The continued growth of the Internet, coupled with recent advances in Grid computing will make research collaboration far easier than ever before. This ease-of-use will lead to increased (if not complete) dependence on the underlying information infrastructure -- an infrastructure which is currently vulnerable to a wide variety of attacks. Among these attacks are Denial of Service attacks, aimed at exhausting resource availability.
Current protection methods include firewalls, selective applications, and proxies, all of which hinder collaboration by placing obstacles in the path of the collaborators, and are often antithetical to the mission of the institutions employing such measures.
Other methods include Intrusion Detection Systems, host-based or network-based, which are simply not designed to cope with extremely challenging environments. Most IDS systems are reactive in nature, and are not suitable for dynamic environments, relying instead on off-line decisions and resource-marshalling -- a scheme with potentially prohibitive overhead.

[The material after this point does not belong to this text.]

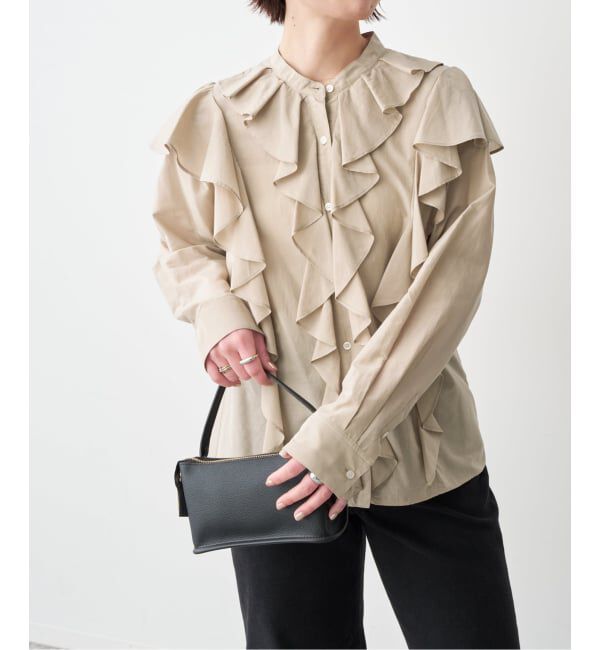 Spick and Span「スタンドカラーラッフルフリルブラウス」|シャツ・ブラウス|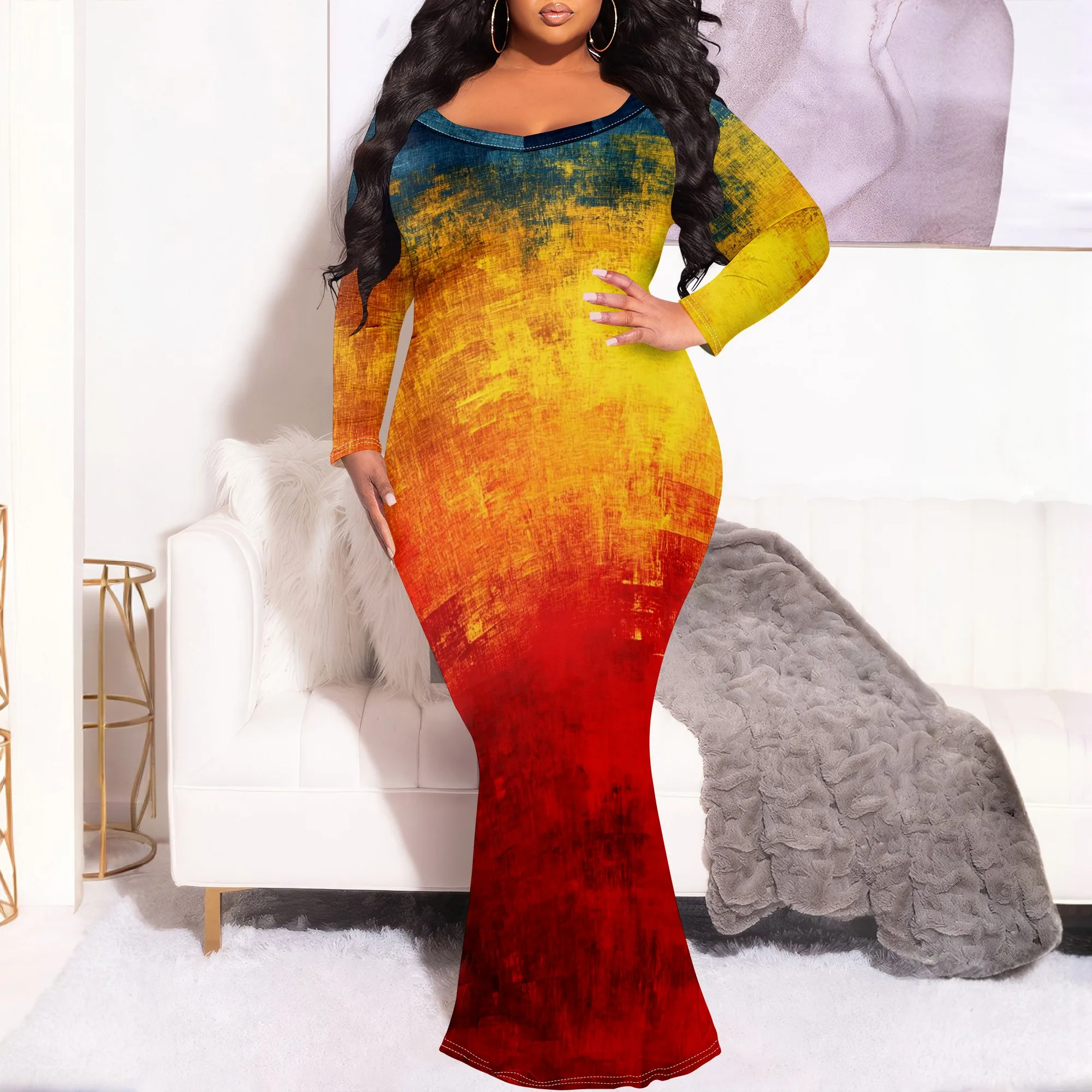 

Nupusa Red Yellow Gradient Print Dress for Women Plus Size Summer Casual Off Shoulder Long Sleeve Mermaid Maxi Dress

We are addressing this problem by developing a dynamic, collaborative defense infrastructure for detecting and responding to attacks. This framework will make use of sentinel machines sharing an Intrusion Assessment Information Base to collect and analyze data about the attack pattern, and to respond to the attack in real-time. Working together, these sentinels can marshall the necessary resources to contain the attack, minimizing damage and recovery costs.